Here come the Russians

No phenomenon of the war is more significant than the terror engendered among the German people by the nearer approach of the Russian armies. Cruelties practiced upon war prisoners and civilians in Russia by the German Wehrmacht are well known throughout Germany. Hitler’s government has even encouraged home folk to inflict similar brutalities on Russian war prisoners and upon the hundreds of thousands of civilian men, women, and girls kidnaped from Russian cities and villages into slavery.

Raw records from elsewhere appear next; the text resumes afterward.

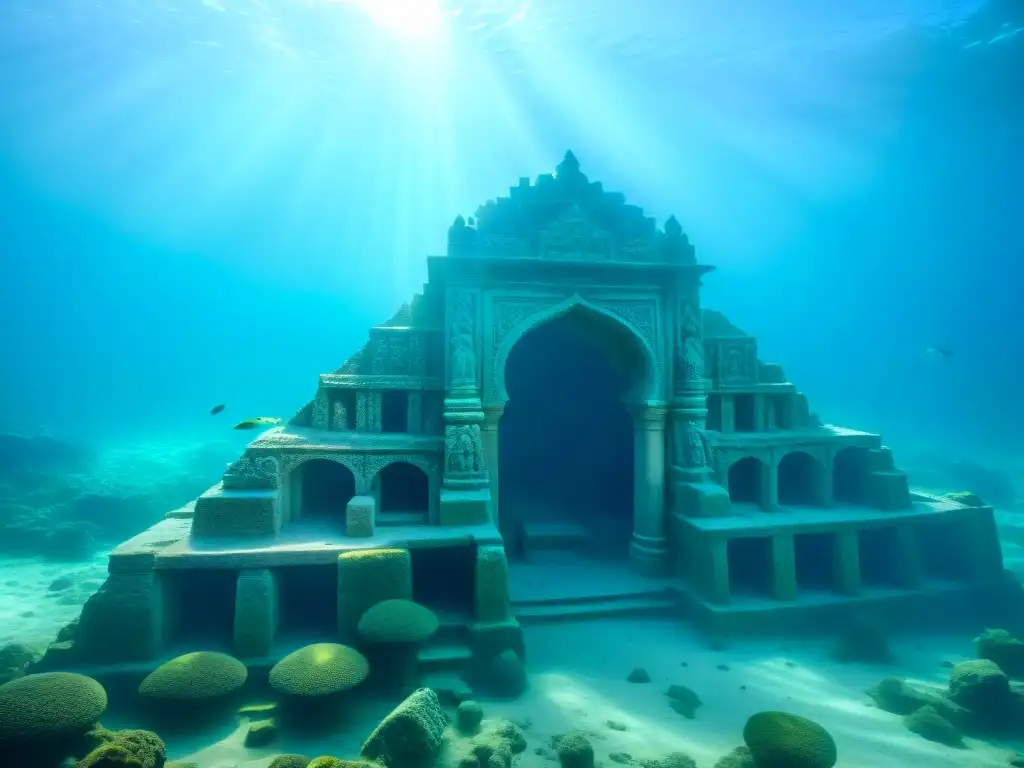 Misteriosas ruinas submarinas de Dwarka: ciudad perdida de Krishna Ruinas subacuáticas de la ciudad sumergida Dwarka Krishna, con grabados intrincados y peces coloridos, iluminadas por rayos de sol en aguas azules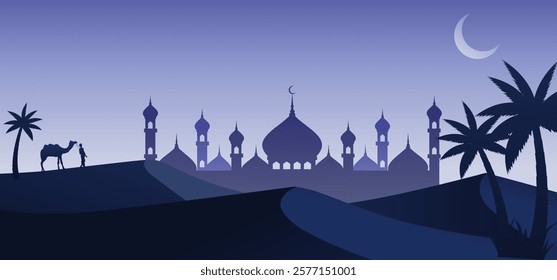 Man and his camel in desert night with mosque and crescent moon background, arabia desert landscape night view, silhouette vector illustration, Islam or Ramadan concept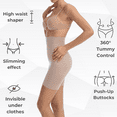 thumbnail image 6 of Farmacell Women's High-Waisted Mid-Thigh Shorts, with Flat Tummy and Push-up Effect, Made in Italy, Nude, S, Cod. 602, 6 of 10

More than a million and a half Russians are estimated to have died miserably in Germany and Poland since the summer of 1941 from this savage treatment. Even the tormented Poles have fared better. As the Russian armies hammer their way through the Baltic States and Poland, the German home front is afflicted with a fright obviously resulting from “consciousness of guilt.”

The first mutiny

For the first time since the war began, mutiny has appeared among German troops engaged in front operations. This is a partial explanation of the swift collapse of the powerful German siege position before Leningrad, which Hitler and the High Command considered impregnable. The imprisonment of the German commander of the whole area, the execution of three famous German field generals involved in this breakdown, the shooting of contingents of mutinous troops, the imprisonment of others in concentration camps, all show that the German High Command recognizes mutiny — the most insidious of all dangers besetting an unsuccessful army.

The troops involved were long inactive in fortifications which the Russian armies did not seriously menace until this past winter. Such situations generally impair morale. Whether any parallel exists between the mood of the Wehrmacht west of Leningrad three months ago and the mood of the defense garrisons manning the Atlantic Wall (which have been inactive much longer) remains to be seen.

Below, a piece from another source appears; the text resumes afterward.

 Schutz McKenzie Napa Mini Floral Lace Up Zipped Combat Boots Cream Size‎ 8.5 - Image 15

What is important is the evidence of increasing dissension among officers in the Wehrmacht and questioning of Hitler’s orders by its ranking leaders. Here is the Achilles heel of the whole German war structure — as Himmler’s hasty visit to Latvia to mete out punishments indicates.

Can Germany dig in?

How do the Nazis expect to counter threats now raised by Russia from her brilliantly won vantage points in the Baltic States and approaches to Eastern Poland? How stay the avalanches accumulated above Lwow and the Eastern Carpathians, where the last rail supply line from Germany to Southwestern Russia and the main trunk line into Rumania from the North have been neutralized?

How can the Germans block the tidal wave surging toward the Balkans? Germany is heavily outnumbered on the eastern front in every sector of strategic importance. To complicate matters for her, though Russia’s immense reserves are yet uncommitted, Josef Stalin releases news of still another host whose training approaches completion. Clearly, this unsuspected — and to the Germans unwelcome — addition to Russian might must be faced in the coming grand Allied offensive.

There are hints that the Nazis may try to meet some of these problems with a fundamental change in tactics. To stabilize the eastern and southern fronts in time to permit a swinging of forces westward against invasion from Britain has been Hitler’s hope and dream all winter. That obsession lies at the root of his familiar and monotonous “stand and die” orders to his generals in both Russia and Italy. Defense in depth has failed to halt the Red armies. Yet unless the Russians can be held, the sweep of invasion from the West cannot be blocked either. It is both dikes or none.

The Nazis plan to try trench warfare as a possible answer. Russian intelligence, operating through the guerrillas, is turning up evidence that defenses along the Riga-Lwow line are being supplemented by elaborate trench systems. The Germans apparently hope to make Russian break-throughs, flanking sweeps, and by-passing moves more difficult by presenting a continuous line.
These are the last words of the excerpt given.